Given an immutable UiState data class, how do you produce the next state that changes just one field?
- Call copy() on the current state and override one field
- Flip the field through a var and re-emit the same object
- Create a new MutableStateFlow for each field update
- Keep one LiveData per field so copying the state is unnecessary
Answer: Call copy() on the current state and override one field
data class copy() returns a fresh immutable instance with the requested field overridden and all others carried over, which is exactly how a reducer builds the next state without mutation.
In a Compose MVI screen, how is the state typically exposed and consumed?
- Expose a public MutableStateFlow and read its .value once during onCreate
- Pass the ViewModel into each composable so it can read individual fields directly
- Keep the state in a global object that composables read without collecting
- Collect UiState with collectAsStateWithLifecycle; pass onIntent down
Answer: Collect UiState with collectAsStateWithLifecycle; pass onIntent down
Collecting the StateFlow with collectAsStateWithLifecycle gives lifecycle-aware state-down rendering, while an onIntent lambda carries events up, realizing the MVI loop natively in Compose.
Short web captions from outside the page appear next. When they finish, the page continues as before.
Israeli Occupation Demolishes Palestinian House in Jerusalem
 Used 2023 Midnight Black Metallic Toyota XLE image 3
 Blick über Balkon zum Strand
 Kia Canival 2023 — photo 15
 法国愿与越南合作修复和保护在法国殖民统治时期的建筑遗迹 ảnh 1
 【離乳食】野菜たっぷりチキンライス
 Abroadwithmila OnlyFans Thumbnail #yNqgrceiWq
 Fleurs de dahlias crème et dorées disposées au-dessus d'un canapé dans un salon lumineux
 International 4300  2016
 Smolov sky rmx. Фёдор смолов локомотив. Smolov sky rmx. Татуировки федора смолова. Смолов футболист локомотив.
For a true one-off effect like a single navigation command, why is a Channel (consumed as a Flow) often preferred over a StateFlow?
- A Channel buffers every effect forever, guaranteeing none are ever dropped
- A StateFlow replays its latest value, so nav re-fires; Channel fires once
- A StateFlow cannot carry non-primitive payloads such as a route object
- A Channel automatically survives full process death while a StateFlow doesn't
Answer: A StateFlow replays its latest value, so nav re-fires; Channel fires once
StateFlow is a hot, value-conflating holder that replays its current value to every new collector, which would re-trigger a one-shot navigation on re-collection; a Channel hands each emitted effect to a single consumer once.
Which operation placed inside a reducer would break its purity?
- Returning state.copy(count = state.count + 1) after each intent
- Using when on the incoming intent to pick the next state
- Reading System.currentTimeMillis() to timestamp the new state
- Computing a boolean from values already stored in the current state
Answer: Reading System.currentTimeMillis() to timestamp the new state
A pure reducer must depend only on its inputs; reading the wall clock introduces nondeterminism, so the timestamp should be captured outside and passed in as part of the intent/result.
An MVI ViewModel reduces a result but the new UiState is structurally equal to the previous one. What keeps the UI from doing redundant work?
- Compose always recomposes on every emission, even if values match
- StateFlow uses equals, and Compose skips unchanged inputs
- The reducer must manually compare states and drop equal ones itself
- collectAsStateWithLifecycle randomly drops emissions to save work
Answer: StateFlow uses equals, and Compose skips unchanged inputs
StateFlow conflates and compares values with equals, so an equal state is never re-emitted, and Compose's stability checks then skip recomposing composables whose inputs did not change.
A screen must display data from both a user repository and a settings flow. The MVI-idiomatic approach is to:
- combine the flows and fold them into one immutable UiState StateFlow
- expose one StateFlow per source and merge them in each composable body
- collect both flows in the composable and keep the merged value in remember
- put each source in its own ViewModel and bind them to the View separately
Answer: combine the flows and fold them into one immutable UiState StateFlow
MVI keeps a single source of truth, so multiple inputs are combined and folded into one immutable UiState in the ViewModel rather than letting the View reconcile several independent states.